# Problem:
Please set down each of the lines below once more, exactly, omitting all pictures.

# Data to use:
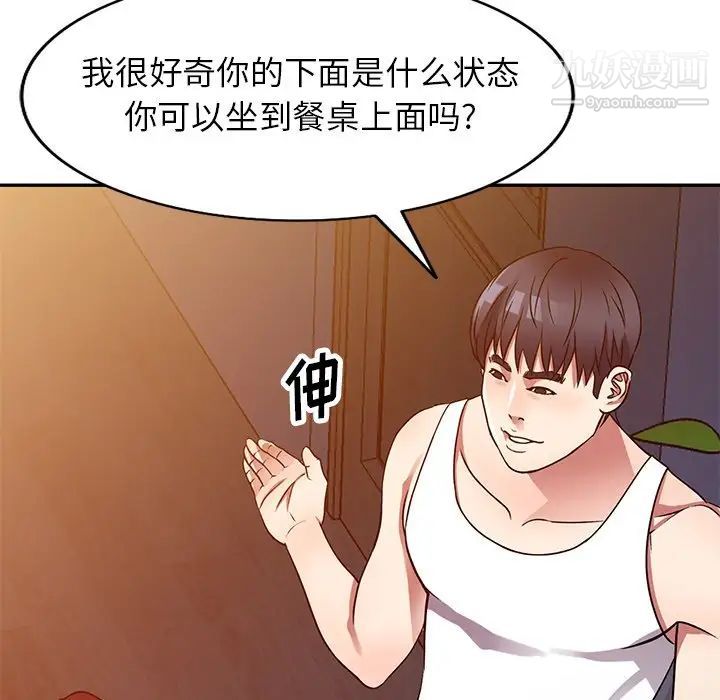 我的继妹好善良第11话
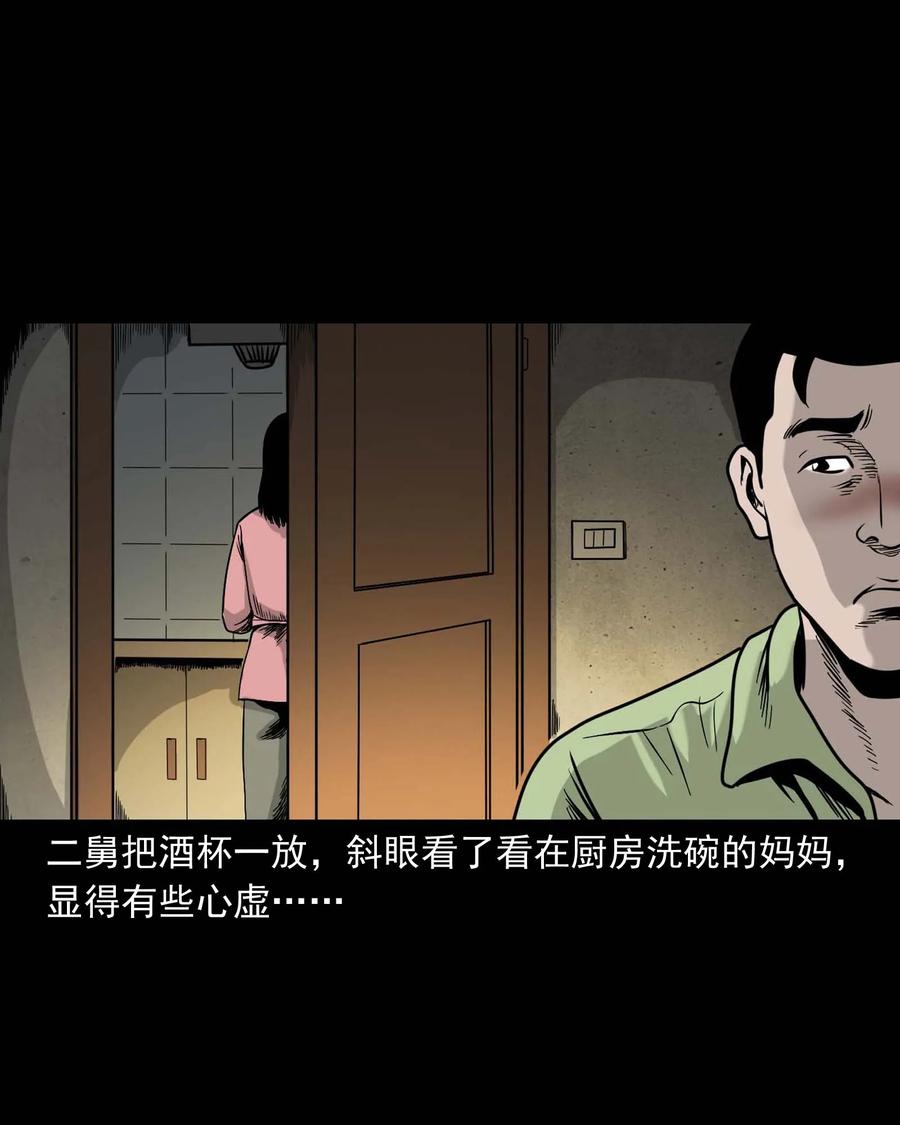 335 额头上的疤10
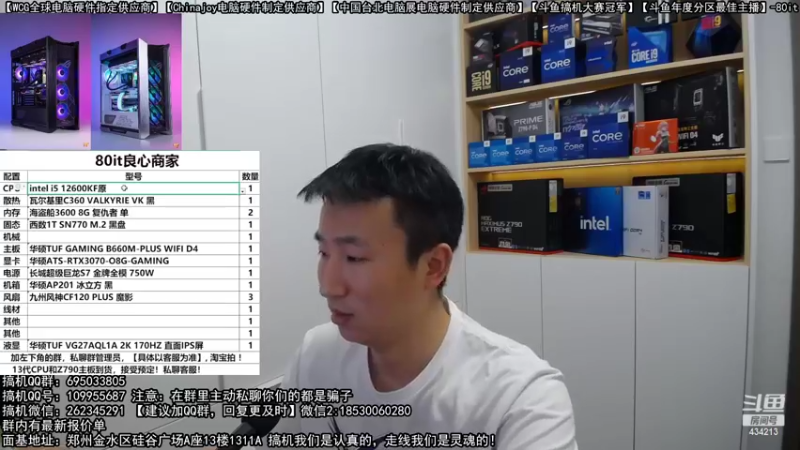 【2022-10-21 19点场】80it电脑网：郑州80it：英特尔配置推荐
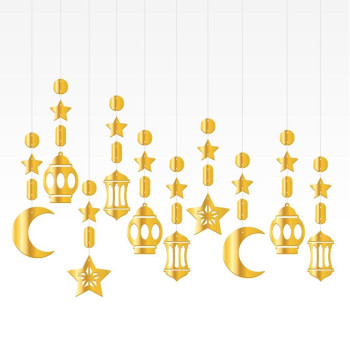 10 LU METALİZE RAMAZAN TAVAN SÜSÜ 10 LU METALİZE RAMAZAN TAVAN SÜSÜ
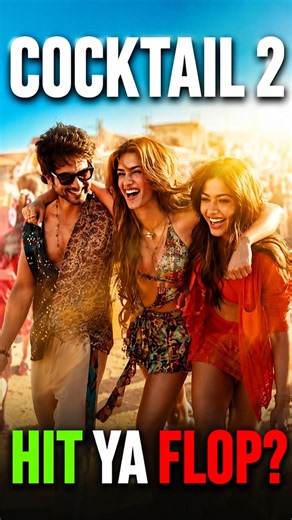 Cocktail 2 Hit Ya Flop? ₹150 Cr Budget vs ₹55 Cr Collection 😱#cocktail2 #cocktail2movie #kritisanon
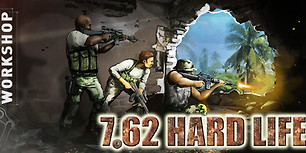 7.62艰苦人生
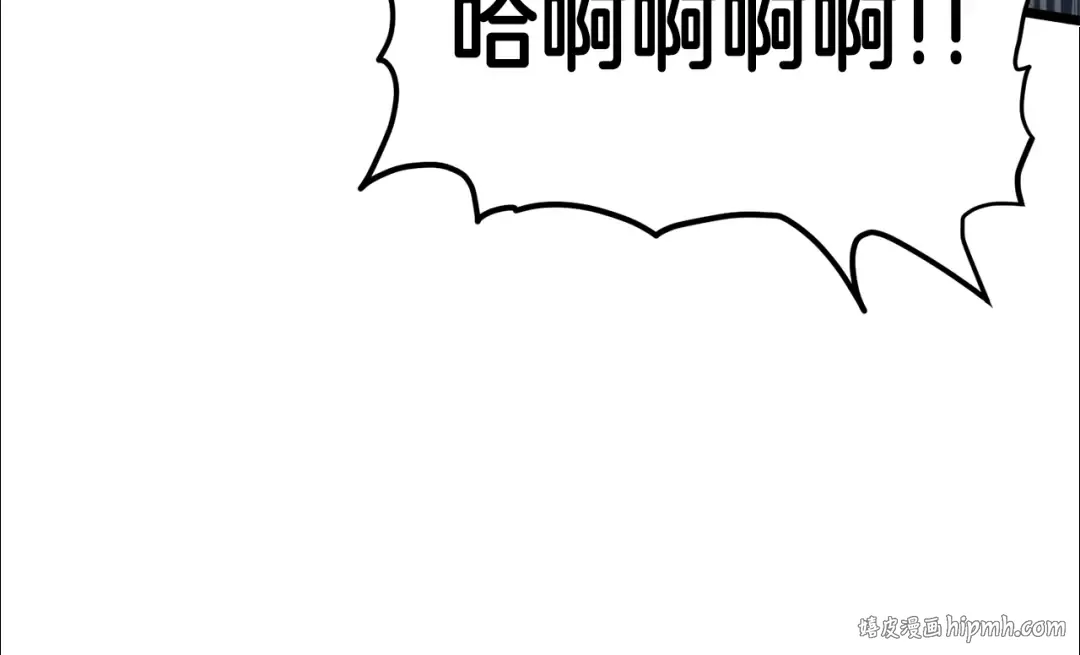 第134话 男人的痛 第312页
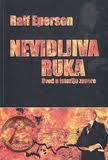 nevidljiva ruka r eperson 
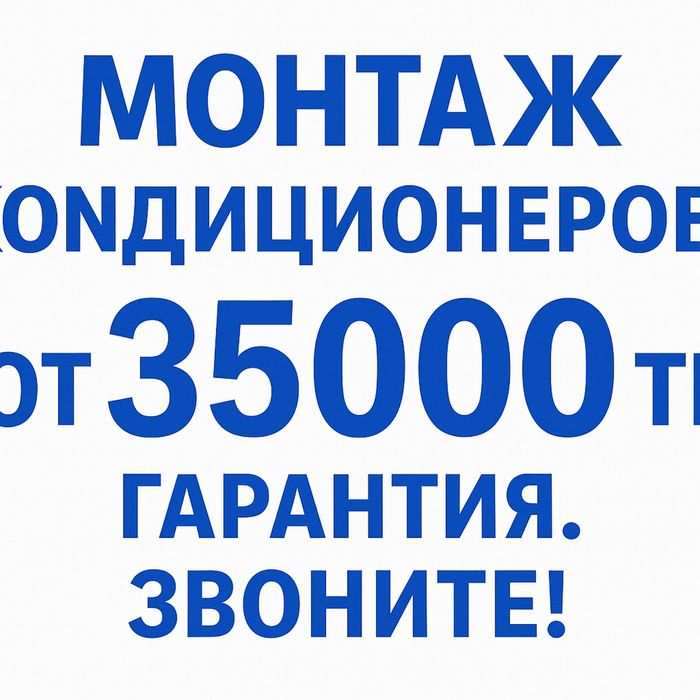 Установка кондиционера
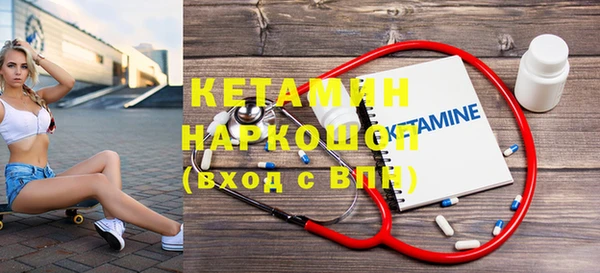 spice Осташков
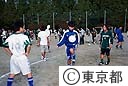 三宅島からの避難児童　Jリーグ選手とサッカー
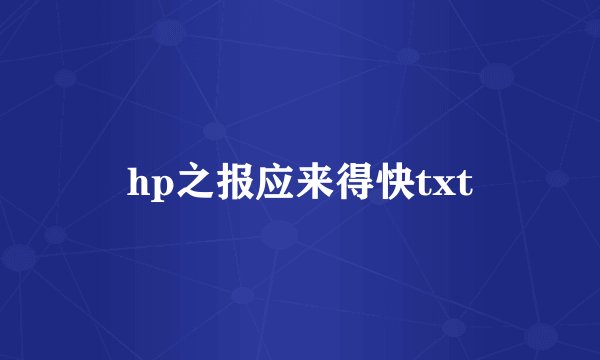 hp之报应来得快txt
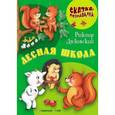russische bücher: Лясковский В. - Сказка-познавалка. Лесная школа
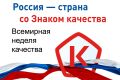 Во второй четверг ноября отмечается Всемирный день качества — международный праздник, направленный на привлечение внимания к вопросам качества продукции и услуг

# Result of this exercise:
 我的继妹好善良第11话
 335 额头上的疤10
 【2022-10-21 19点场】80it电脑网：郑州80it：英特尔配置推荐
 10 LU METALİZE RAMAZAN TAVAN SÜSÜ 10 LU METALİZE RAMAZAN TAVAN SÜSÜ
 Cocktail 2 Hit Ya Flop? ₹150 Cr Budget vs ₹55 Cr Collection 😱#cocktail2 #cocktail2movie #kritisanon
 7.62艰苦人生
 第134话 男人的痛 第312页
 nevidljiva ruka r eperson 
 Установка кондиционера
 spice Осташков
 三宅島からの避難児童　Jリーグ選手とサッカー
 hp之报应来得快txt
russische bücher: Лясковский В. - Сказка-познавалка. Лесная школа
 Во второй четверг ноября отмечается Всемирный день качества — международный праздник, направленный на привлечение внимания к вопросам качества продукции и услуг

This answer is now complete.